Desconfiança crónica, o primeiro adversário de Roberto Martínez

Para quem vive com o travão de mão accionado, a desconfiança é uma forma de estar.

Agora que está solucionado o enigma em volta do sucessor de Fernando Santos, o país desportivo já pode dedicar-se ao passatempo favorito de encontrar imperfeições no novo seleccionador e no processo de escolha que o conduziu ao cargo. A arte da apreensão e da desilusão estrutural fazem parte do ADN do adepto português, desconfiado face ao pragmatismo dos resultados e inclemente perante opções que não repliquem as suas. Não é defeito, é feitio.

A primeira embirração é fácil de detectar: Roberto Martínez não é português. Numa conferência de imprensa em que Fernando Gomes não se expôs a mais do que três perguntas, o presidente da FPF admitiu contactos com outros treinadores, presumivelmente portugueses — e um deles, presumivelmente, com os nomes José e Mourinho no cartão de cidadão. O único que recebeu uma proposta, garante, foi Martínez, o que nos leva a concluir que as primeiras manobras exploratórias, junto de outros alvos, não terão tido grande acolhimento.
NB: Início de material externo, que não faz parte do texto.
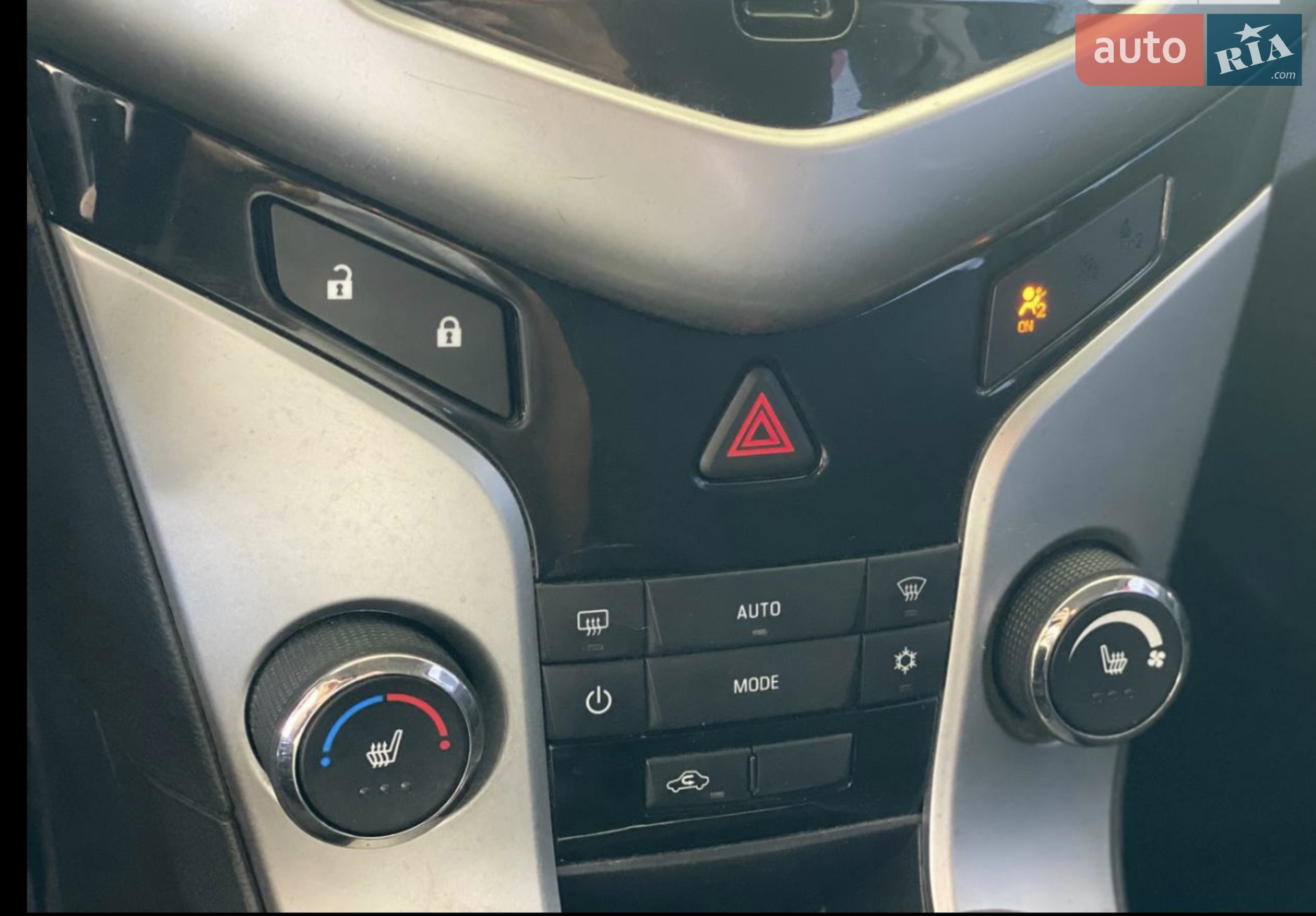 2012 Chevrolet Cruze - мініатюра 19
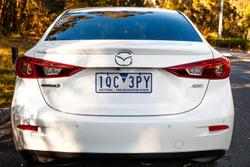 2019 Mazda 3 SP25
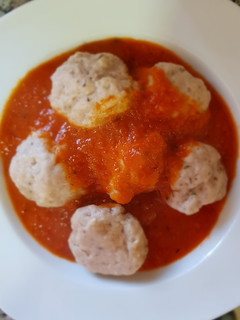 Una foto de Albóndigas al vapor con salsa de tomate MCC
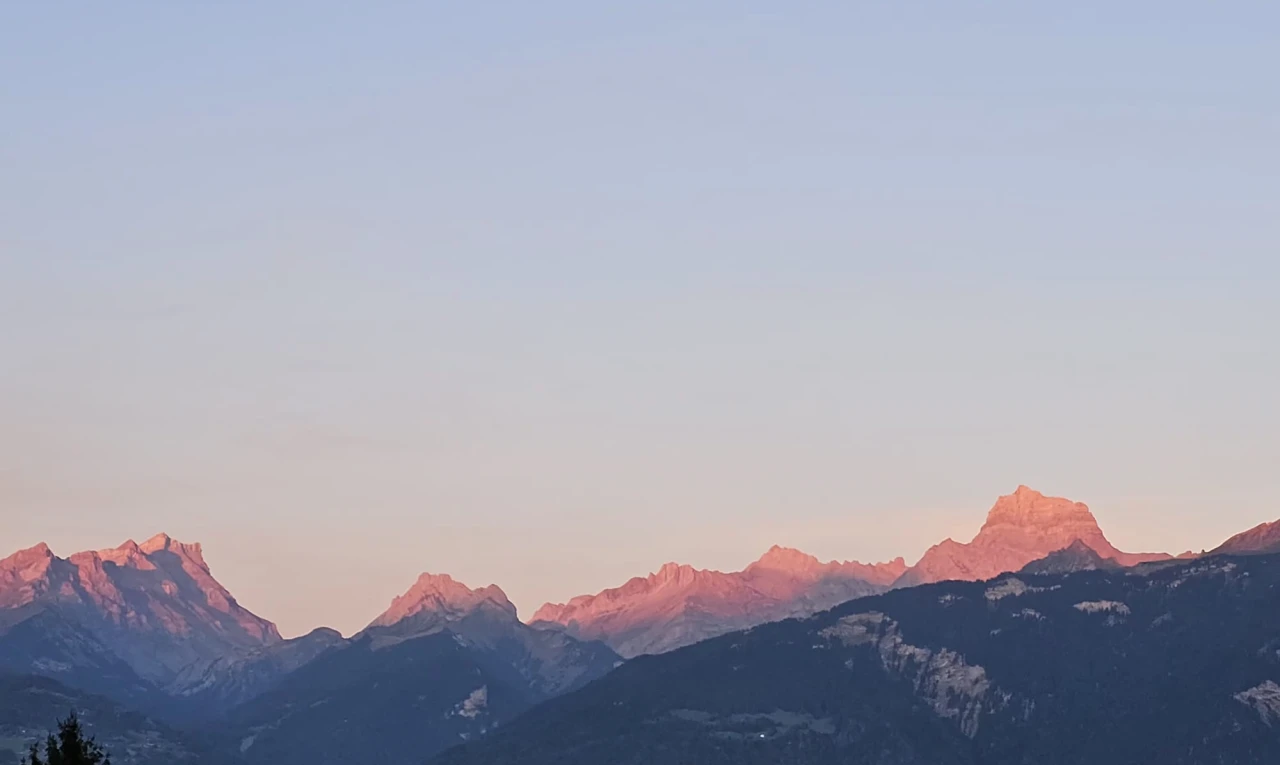 vue sur la montagne avec vue sur la montagne et mountain view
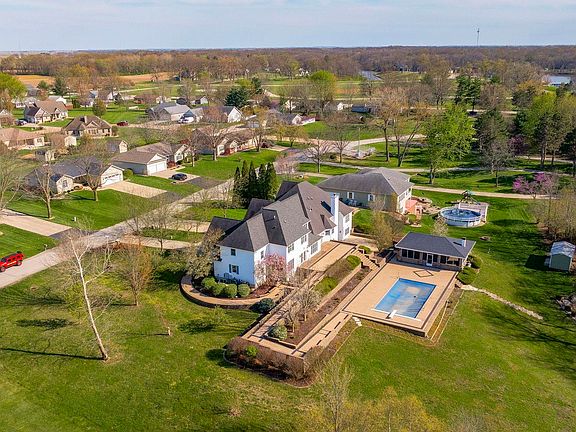 4th image of 2407 Eastwood Dr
Essa está longe de ser uma questão central, porém, até porque o sucesso desportivo da selecção não se mede pela ordem dos registos das chamadas do telemóvel de Fernando Gomes. Importa, antes, perceber o que pode trazer o catalão ao futebol português, para além de um calendário competitivo preenchido aos comandos de uma selecção de alto nível e alguma experiência na alta-roda (Europeus, Liga das Nações, Mundiais).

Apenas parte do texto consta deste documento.